In Chapter 13 they meet the NYPD and do a trial. People who are more familiar with the intrigues of that police force could probably provide a better map than I, so I’ll leave that alone. It’s only worth noting, I think, that they’re continuing the scraping, presumably from a few Chinese contractors, as they’re starting to get law enforcement contracts, building out a database orders of magnitude larger than the FBI’s. Their first real contract was in Indiana. I note that Banjo, too, had a trial run going in Indiana. I wonder, given how Israeli some of these companies appear to be, how much of this has to do with Pence. In 2019 they get a contract with DHS.
In Chapter 15, Hill gets the call in late 2019 from Freddy Martinez, now at POGO, revealing what Clearview has been up to, and the legal and publicity shit storm starts to brew. There’s not much I can add here.
At some point there’s a hack here, and internal Clearview records are given to Buzzfeed, a heavily Israeli website, and Charles Johnson claims he contacted the FBI. The last few chapters are a fine discussion of many of the ethical issues here, which Hill seems to know quite well that privacy advocates are likely to lose.
In a coda that will make nobody happy, Clearview was used on J6 to identify MAGA people. It started at the 2016 Republican National Convention, and in 2020 was used to catch MAGA people at the Capitol. There is a real discussion to be had about the uses of this, and what the government isn’t telling us about what they know about these people and groups.
Anyway, a final few thoughts about some of the intrigues here. I am told Ton-That and Hal Lambert both didn’t want to talk to Johnathan Buma. Apparently Eric Garland, in a post today, was also a source for Buma.

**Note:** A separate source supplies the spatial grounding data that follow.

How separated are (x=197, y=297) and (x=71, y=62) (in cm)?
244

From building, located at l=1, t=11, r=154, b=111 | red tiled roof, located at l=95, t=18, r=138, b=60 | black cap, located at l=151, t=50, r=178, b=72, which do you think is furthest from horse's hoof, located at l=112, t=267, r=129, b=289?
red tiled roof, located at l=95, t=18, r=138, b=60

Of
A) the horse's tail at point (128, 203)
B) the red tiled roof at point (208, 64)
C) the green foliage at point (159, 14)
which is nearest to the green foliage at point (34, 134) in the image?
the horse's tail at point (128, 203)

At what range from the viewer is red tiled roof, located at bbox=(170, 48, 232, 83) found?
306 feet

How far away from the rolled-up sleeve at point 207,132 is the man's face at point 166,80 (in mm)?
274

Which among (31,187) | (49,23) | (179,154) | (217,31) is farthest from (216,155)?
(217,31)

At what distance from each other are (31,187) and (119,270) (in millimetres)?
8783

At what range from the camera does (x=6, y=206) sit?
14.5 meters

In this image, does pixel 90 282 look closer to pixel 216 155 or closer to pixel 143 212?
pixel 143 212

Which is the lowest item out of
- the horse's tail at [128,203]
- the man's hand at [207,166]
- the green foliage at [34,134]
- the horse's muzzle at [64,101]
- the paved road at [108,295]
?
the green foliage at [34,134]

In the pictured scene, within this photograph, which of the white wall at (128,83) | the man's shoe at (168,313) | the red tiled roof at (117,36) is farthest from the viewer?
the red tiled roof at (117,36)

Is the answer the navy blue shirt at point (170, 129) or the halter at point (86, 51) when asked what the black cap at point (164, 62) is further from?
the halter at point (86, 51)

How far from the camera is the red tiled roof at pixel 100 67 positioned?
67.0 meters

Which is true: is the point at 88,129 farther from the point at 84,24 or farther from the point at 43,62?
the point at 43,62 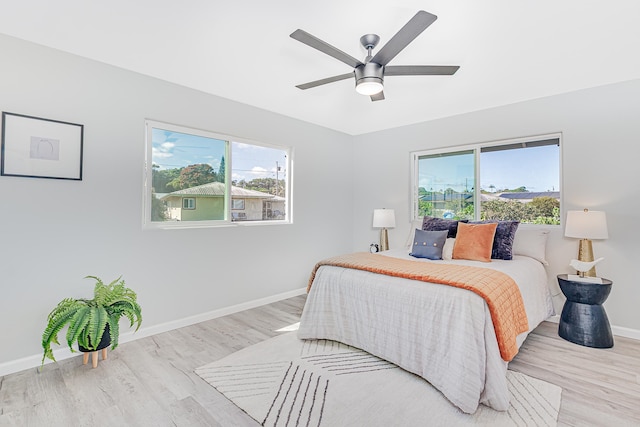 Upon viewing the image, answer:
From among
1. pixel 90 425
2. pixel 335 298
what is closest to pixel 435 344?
pixel 335 298

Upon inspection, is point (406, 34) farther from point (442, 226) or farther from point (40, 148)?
point (40, 148)

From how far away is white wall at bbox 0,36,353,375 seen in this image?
227 cm

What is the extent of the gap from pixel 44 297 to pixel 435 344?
9.44 feet

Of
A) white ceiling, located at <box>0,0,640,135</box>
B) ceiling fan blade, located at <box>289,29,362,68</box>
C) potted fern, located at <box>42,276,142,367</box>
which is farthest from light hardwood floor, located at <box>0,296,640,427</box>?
white ceiling, located at <box>0,0,640,135</box>

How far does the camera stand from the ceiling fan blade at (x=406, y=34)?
5.18ft

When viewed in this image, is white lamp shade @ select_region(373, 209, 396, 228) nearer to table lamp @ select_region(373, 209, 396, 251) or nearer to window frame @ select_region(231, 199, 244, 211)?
table lamp @ select_region(373, 209, 396, 251)

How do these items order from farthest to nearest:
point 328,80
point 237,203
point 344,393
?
1. point 237,203
2. point 328,80
3. point 344,393

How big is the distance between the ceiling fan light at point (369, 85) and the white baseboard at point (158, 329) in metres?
2.67

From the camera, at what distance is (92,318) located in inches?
86.3

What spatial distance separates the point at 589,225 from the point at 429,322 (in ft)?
6.32

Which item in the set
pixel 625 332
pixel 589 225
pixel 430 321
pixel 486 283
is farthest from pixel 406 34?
pixel 625 332

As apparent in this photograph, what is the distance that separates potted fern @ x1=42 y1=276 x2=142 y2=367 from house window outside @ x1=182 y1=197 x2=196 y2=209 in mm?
1030

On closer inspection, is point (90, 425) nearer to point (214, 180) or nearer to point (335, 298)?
point (335, 298)

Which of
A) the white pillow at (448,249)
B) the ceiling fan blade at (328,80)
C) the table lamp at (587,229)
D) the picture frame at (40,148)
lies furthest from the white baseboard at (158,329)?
the table lamp at (587,229) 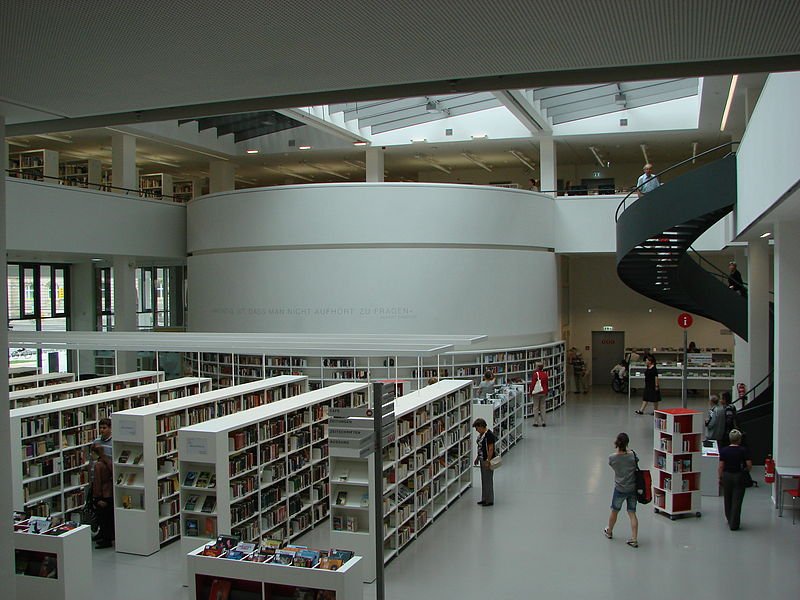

That is very interesting.
Lastly, why was Bronze Age Pervert and his Likud network going so hard at Charles? We know a few of them are tied into the world of pro-Israel high finance, and a number of players in Giuliani’s milieu here have links to China, Russia, and organized crime. This whole idea that they can be a subterranean, almost Foucaultean right-of-the-margins seems at odds with the development of all this technology here, and it seems likely what they’re hiding is just that they’re a bunch of typical Zionist Republicans, playing at Nietzschean piratical dreams. Paul Singer is himself, of course, a pirate. The Naval custom when it comes to pirates is to hang them by the neck until they’re dead.